### Available data
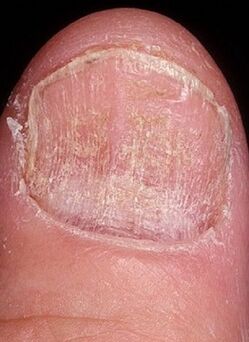 Micosa nail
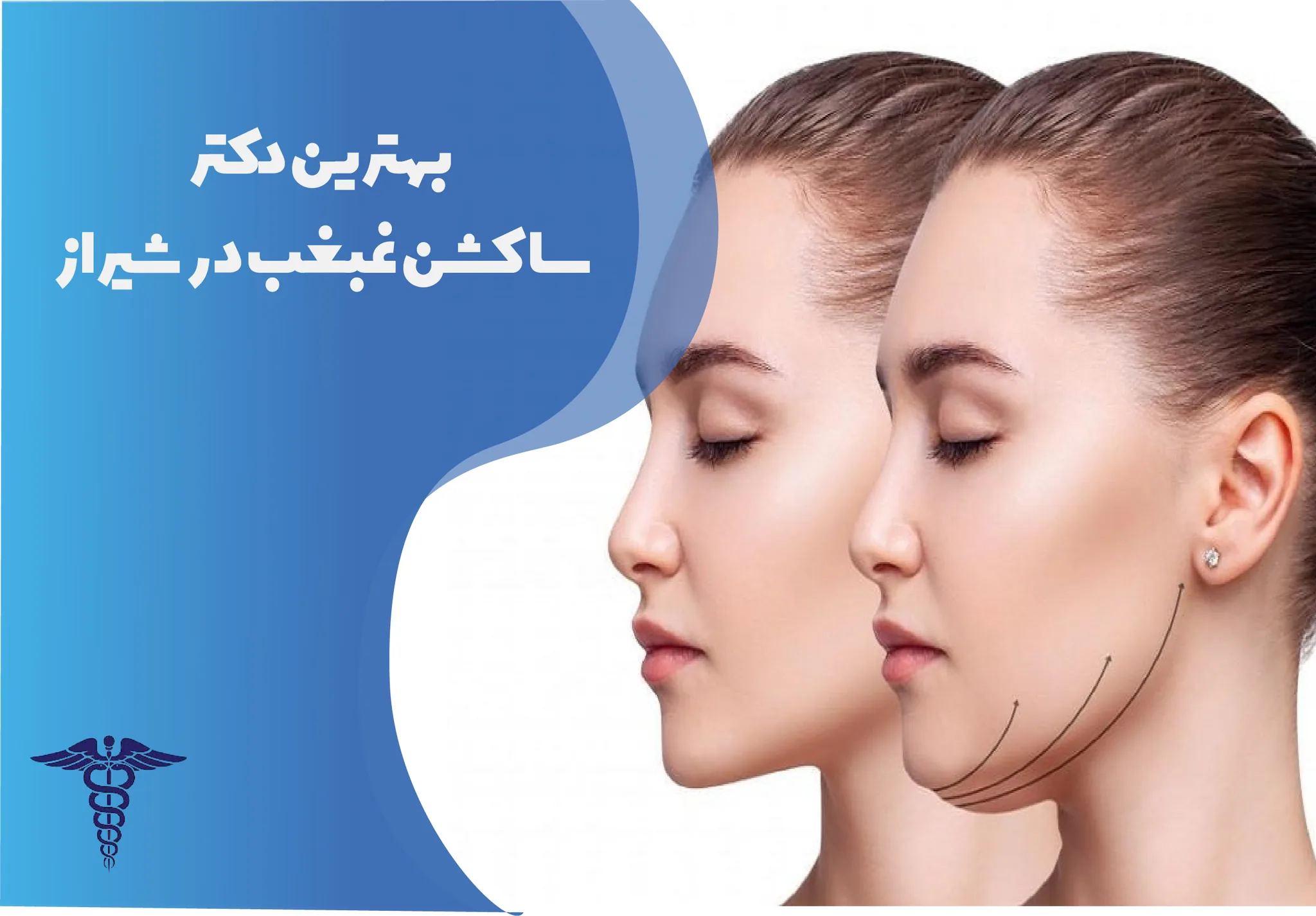 معرفی 12 دکتر برتر ساکشن غبغب در شیراز – بهترین دکتر ساکشن غبغب شیراز کیست؟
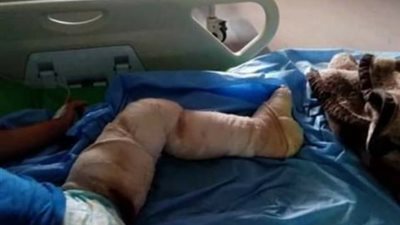 انتقاما من والده.. ثلاث شباب يشعلون النيران فى جسد طفل بالمحلة (صور)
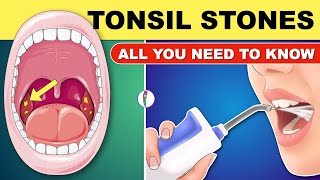 Tonsil Stones | Tonsil Stones Treatment | Tonsil Stone Removal - All You Need to Know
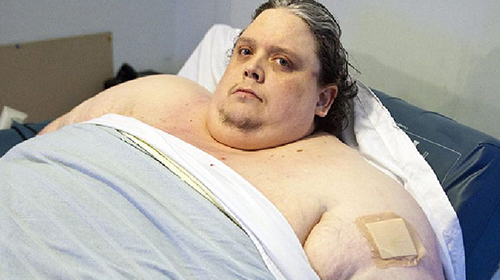 ชายอ้วนที่สุดในโลก หนัก 444 กก. เสียชีวิตแล้ว ด้วยวัย 44 ปี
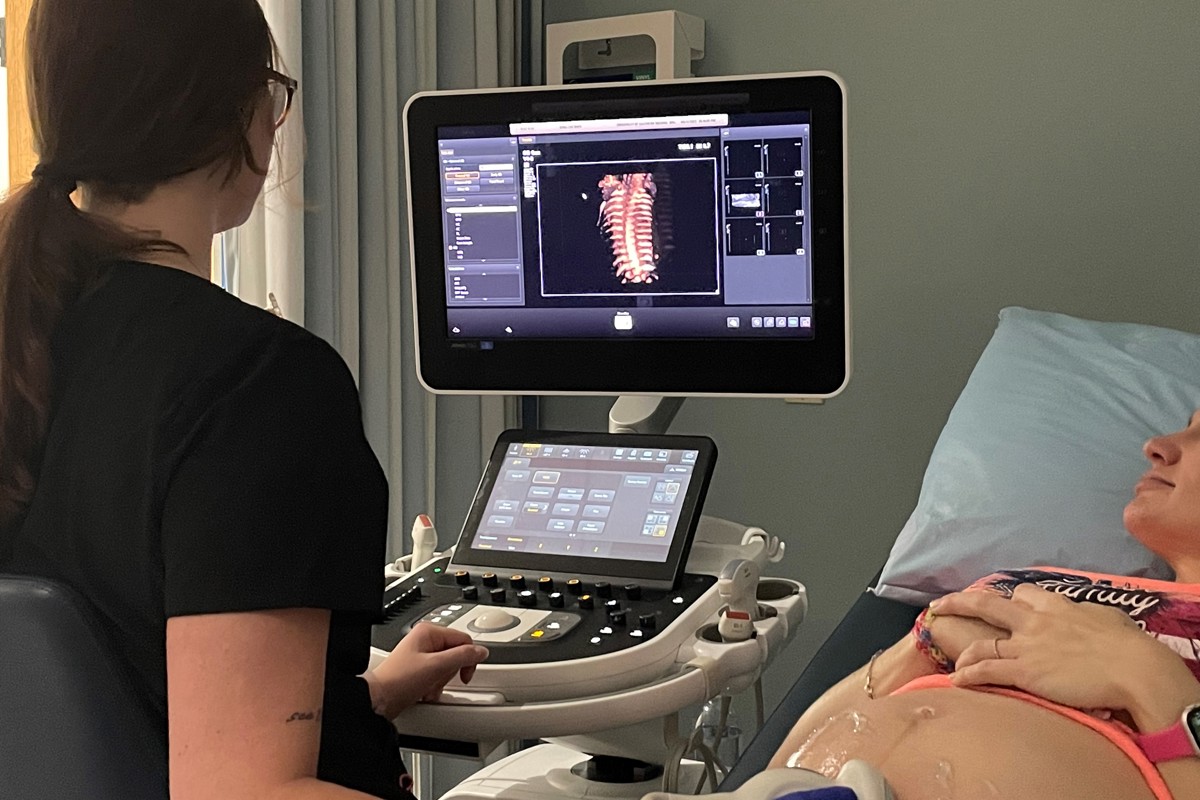 USI DMS Program offers free pregnancy ultrasounds  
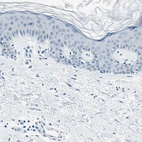 Immunohistochemical staining of human skin shows no positivity in squamous epithelial cells as expected.
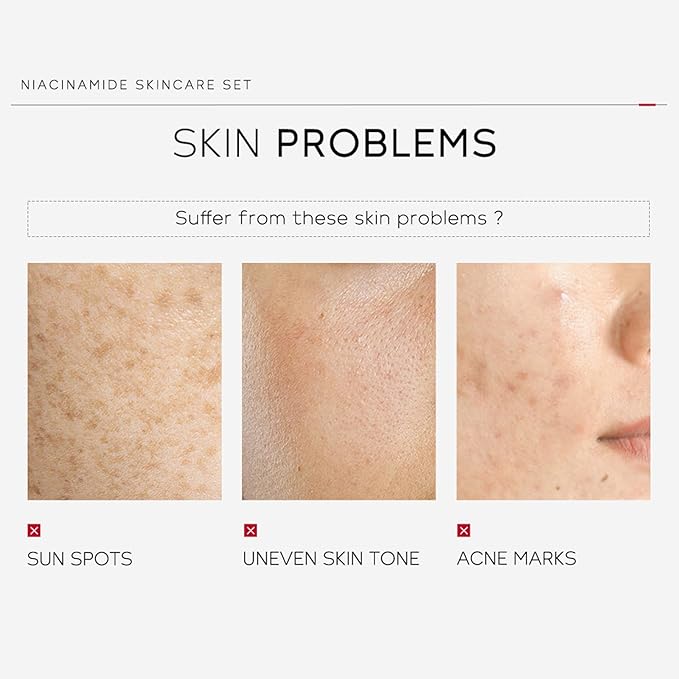 skin care set - skincare set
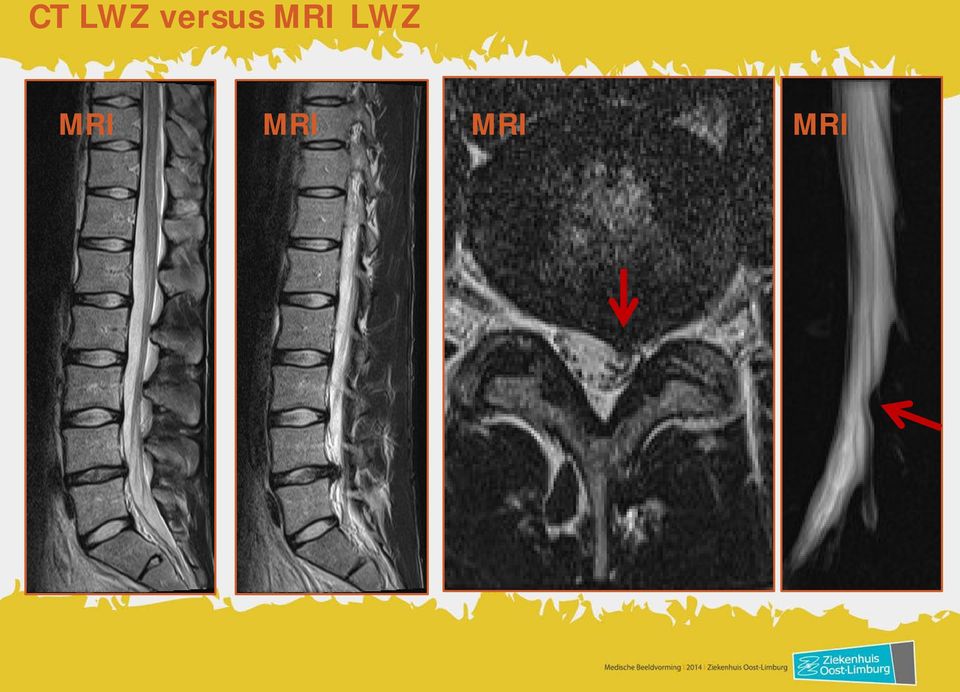 MRI LWZ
######
About this exercise: Please print the data above once more, exactly as it appears, with no pictures.

Task output:
 Micosa nail
 معرفی 12 دکتر برتر ساکشن غبغب در شیراز – بهترین دکتر ساکشن غبغب شیراز کیست؟
 انتقاما من والده.. ثلاث شباب يشعلون النيران فى جسد طفل بالمحلة (صور)
 Tonsil Stones | Tonsil Stones Treatment | Tonsil Stone Removal - All You Need to Know
 ชายอ้วนที่สุดในโลก หนัก 444 กก. เสียชีวิตแล้ว ด้วยวัย 44 ปี
 USI DMS Program offers free pregnancy ultrasounds  
 Immunohistochemical staining of human skin shows no positivity in squamous epithelial cells as expected.
 skin care set - skincare set
 MRI LWZ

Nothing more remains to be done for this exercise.